The movie is a remake of the 2014 Danish film Silent Heart, but has the modest scope of a stage play. It takes place over the course of a weekend where Lily (Susan Sarandon), who is dying of amyotrophic lateral sclerosis, has gathered her immediate family to her home for a few days of togetherness—at the end of which she will be euthanized by her doctor husband, Paul (Sam Neill). This is not a dark family secret; the event has been planned out well in advance, though that doesn’t stop the usual close-family grousing. Older daughter Jennifer (Kate Winslet) is irritated yet unsurprised that her younger sister Anna (Mia Wasikowska) arrives late, and with her on-and-off partner Chris (Bex Taylor-Klaus) in tow. Jennifer and her husband Michael (Rainn Wilson) try to shield their teenage son Jonathan (Anson Boon) from the specifics of his grandmother’s plan, but Lily, being of the same cutesy, iconoclastic vintage as many other later-period Susan Sarandon characters, feels perfectly comfortable discussing her fate matter-of-factly. She even makes irreverent remarks about how she’ll be dead in a few days. The movie reiterates again and again: She really does go there.

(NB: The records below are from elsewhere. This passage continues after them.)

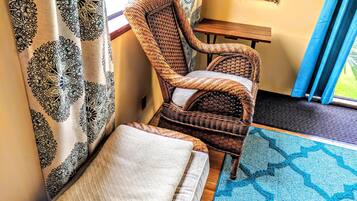 A wicker chair with a cushion, a small wooden table, and a patterned rug.
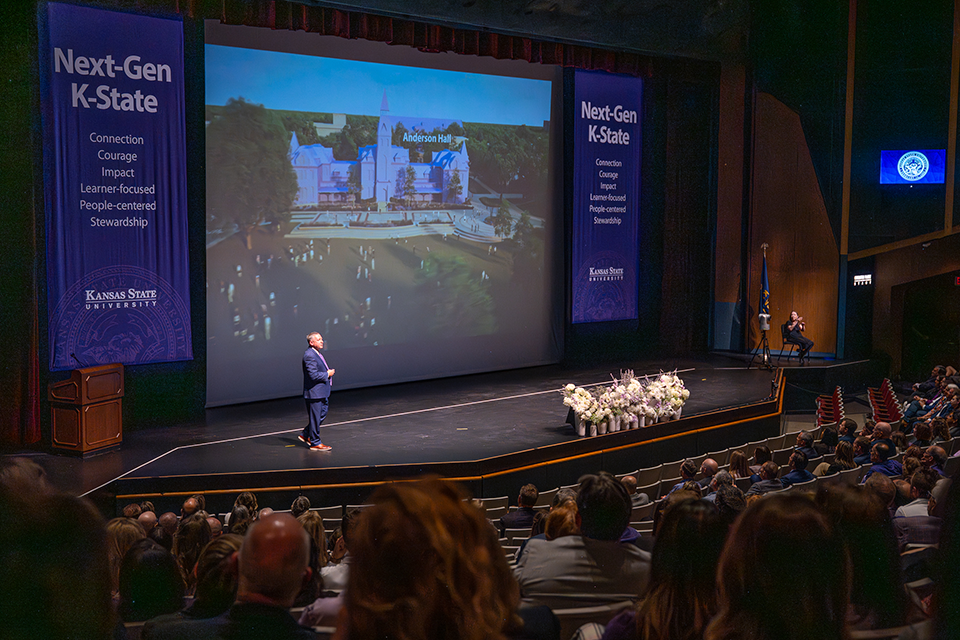 Looking down on an auditorium stage, a crowd listens to a presentation made by Kansas State University President Richard Linton. 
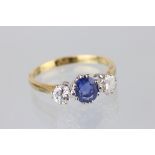 Sapphire and diamond three stone 18ct yellow gold ring, the central oval mixed cut blue sapphire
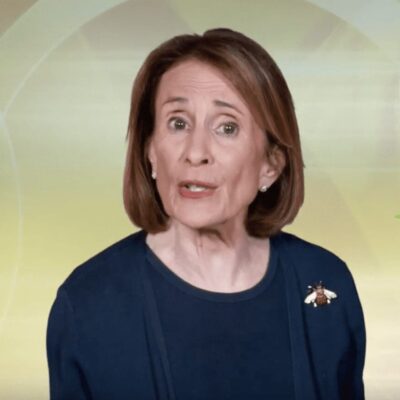 A woman is standing in front of a green screen.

Thankfully, Blackbird isn’t all savoring good wine and Lily making repeated jokes about how Jonathan should spend his inheritance on “hookers and blow.” Director Roger Michell, a versatile journeyman with an occasional weakness for twinkly uplift, imposes a surprisingly rigorous shooting style on this material. The camera rarely moves, and he doesn’t give his actors many close-ups; he seems to prefer shots that can capture a full room, with as many of the characters positioned within the frame as possible. It’s a way of placing the audience in the environment without relying on handheld clichés, and there’s a theatrical quality to the way his compositions call attention to entrances and exits, even when they happen casually.

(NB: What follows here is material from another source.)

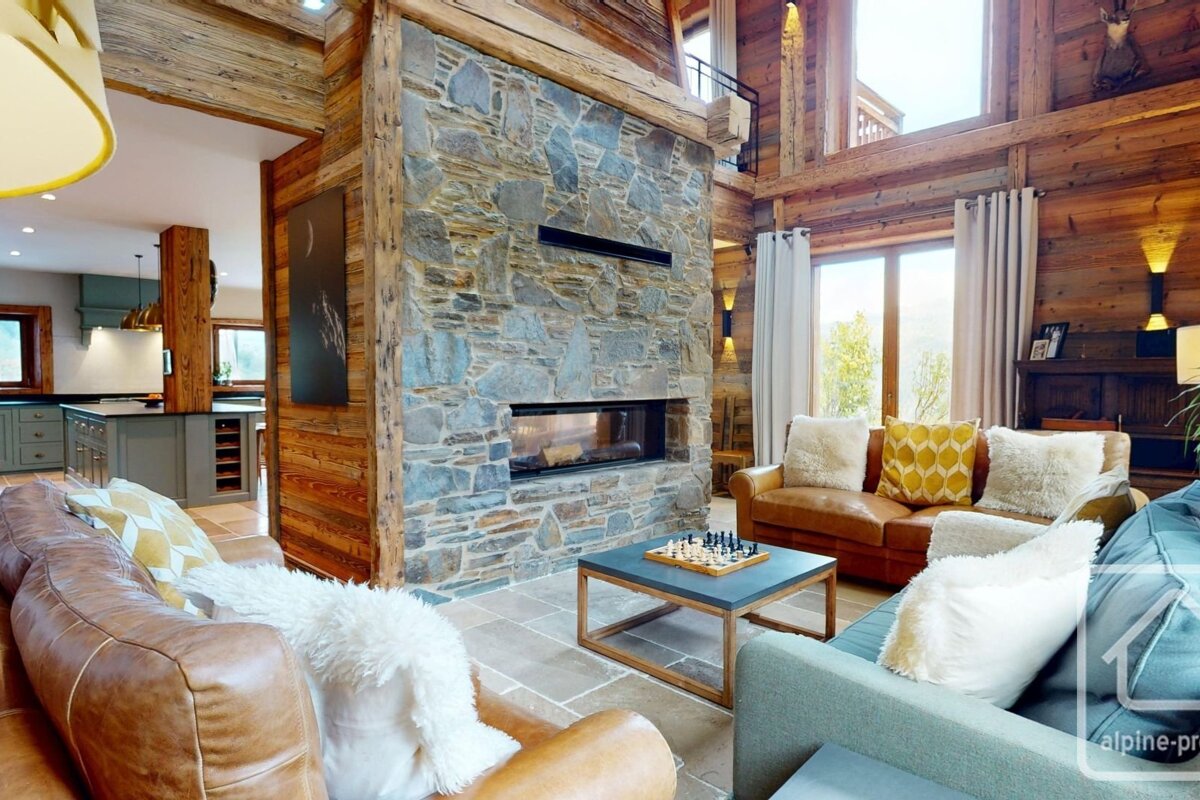 A rustic chalet living room with a stone fireplace, cozy sofas, a chess table, wooden beams, and a view of the kitchen in the background.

The movie’s central conflicts also feel stagy, especially in the second half, when one sister decides she’s not sure if she can bear to let her mom go after all, and the other sister grows increasingly suspicious of family friend Liz (Lindsay Duncan). The dialogue from screenwriter Christian Torpe—adapting his Silent Heart script—does a credible job evoking the awkward tension of guests stuck together waiting out an emotionally fraught time, but when the characters have it out with each other, nearly every exchange sounds unmistakably written, as if working from a checklist of characterizations and backstory. It’s rough watching the actors muddle through: Wasikowska’s Anna, the designated feckless/troubled younger daughter, tosses off non mot insults like “Mr. Boring” and “Martha fucking Stewart” (timely!), while poor Winslet has to telegraph uptight, control-freak scolding—the familiar traits that uncreative indie movies often assign to fortysomething actresses to show what total moms they are.
The late-movie second-guessing of Lily’s decision could have provided real tension, especially because it follows some low-key observational scenes where her family appears accepting of physician-assisted suicide. But as superficially sad as the story is willing to get, Blackbird would rather stir up melodrama than produce something genuinely confrontational. With its quasi-literary tone and over-calculated concessions to the messiness of real life, the movie settles for coming across like a clumsy amalgamation of the wonderful Amy Bloom short story “Love Is Not A Pie” and the 1998 Sarandon tearjerker Stepmom. The hollow, unsatisfying feeling the movie leaves behind may be the most authentically funereal thing about it.